Besides, even if it did, it’s a fallacious argument. Hitler was also a vegetarian who owned a dog. Are all vegetarians Nazis? All dog owners? The Nazis aren’t history’s great villains because Hitler opposed public-sector unions. To equate that with Naziism isn’t just reprehensible, it’s downright ignorant and minimizes the actual horrors of Naziism.
That doesn’t stop Wisconsin educators from expanding on their theme:
What do you get when you cross Hosni Mubarak and Adolf Hitler? One ugly baby, that’s for sure, but not Scott Walker. Again, this appears to be a recurring theme in this teachers’ protest. (Also, it looks like anti-smoking efforts have been for naught in the classroom.)
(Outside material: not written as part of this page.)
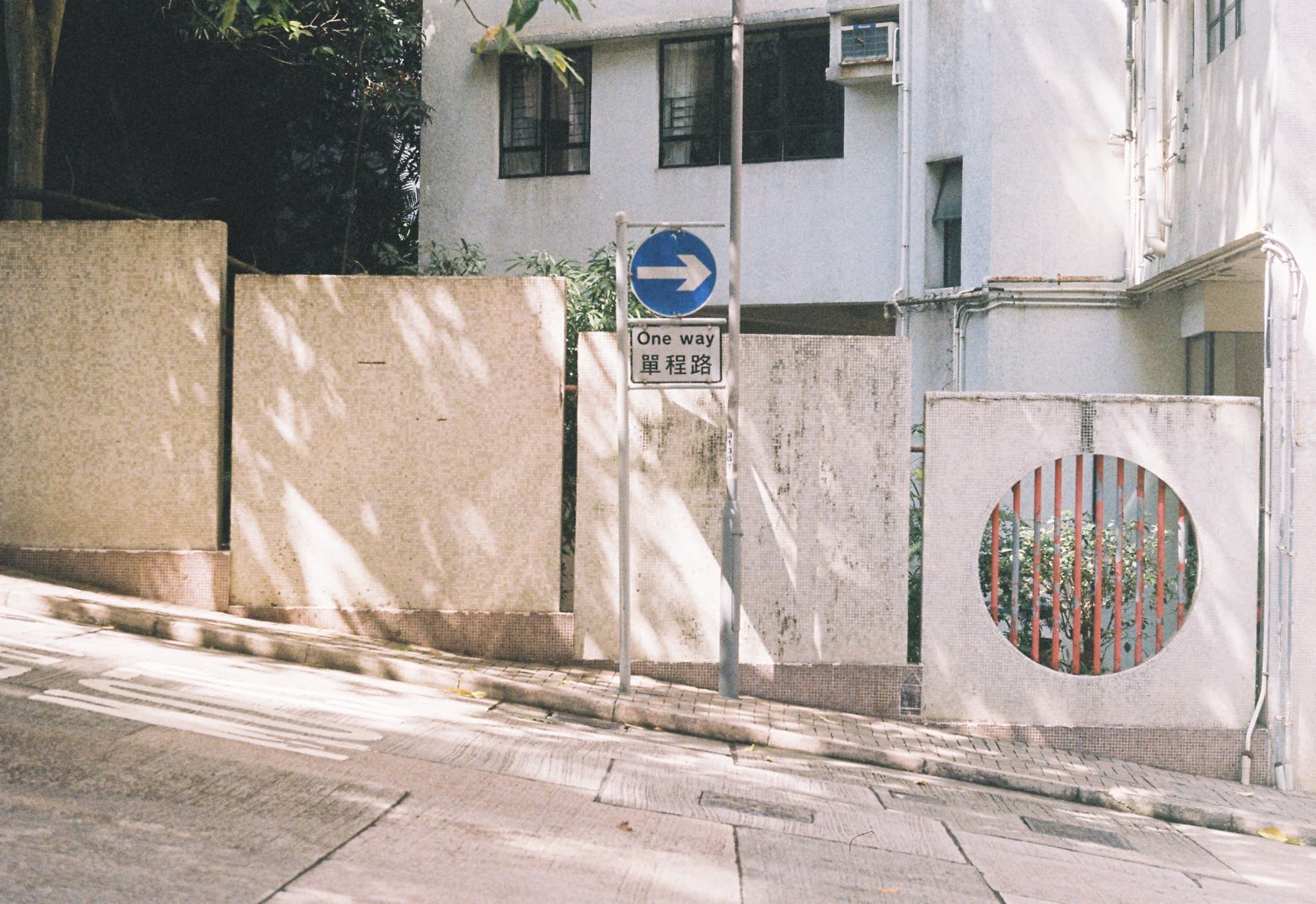 A sunny street view features a "One way" signpost standing in front of low beige walls and a white building in the background.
But while we’re noticing just how poorly Wisconsin teachers do at history, it looks as though some of them might have problems with the present:
“Impeach Bush”? Maybe it’s a leftover sign from a few years ago. The Anchoress points out another sign at a different locale which reads “I AM THE FUTURE – I NEEN QUALITY TEACHERS.” From what we’ve seen of these protests, the entire state of Wisconsin is in need of quality teachers, and it looks like the union is the biggest impediment to getting them.
Meanwhile, Democrats in the Wisconsin Senate have gone AWOL in an attempt to avoid casting a vote on the bill:
A three-day-long stand-off at the Wisconsin state capitol between union supporters and those backing the Republican governor’s budget cuts just went to another level Thursday as Democratic senators apparently fled the state to prevent a vote on Gov. Scott Walker’s budget-repair bill, which would cut public employee union collective bargaining rights and require them to contribute to pensions and health care.
Law enforcement has been sent to find missing Democratic lawmakers, according to a Madison, Wis. ABC affiliate. State Sen. leader Scott Fitzgerald said only one Democrat is needed for quorum to vote on the controversial bill, which is expected to pass a Republican-majority Senate. The “Sergeant of Arms is going door to door to find Democratic senators.”
The budget-repair bill passed a finance committee 12-4 late last night, its last hurdle before a Senate vote, on party lines convincing Senate Democrats that moderate Republicans would not deliver them an upset victory over the Gov. Scott Walker.
They have to come home eventually, and they can’t avoid their responsibilities forever.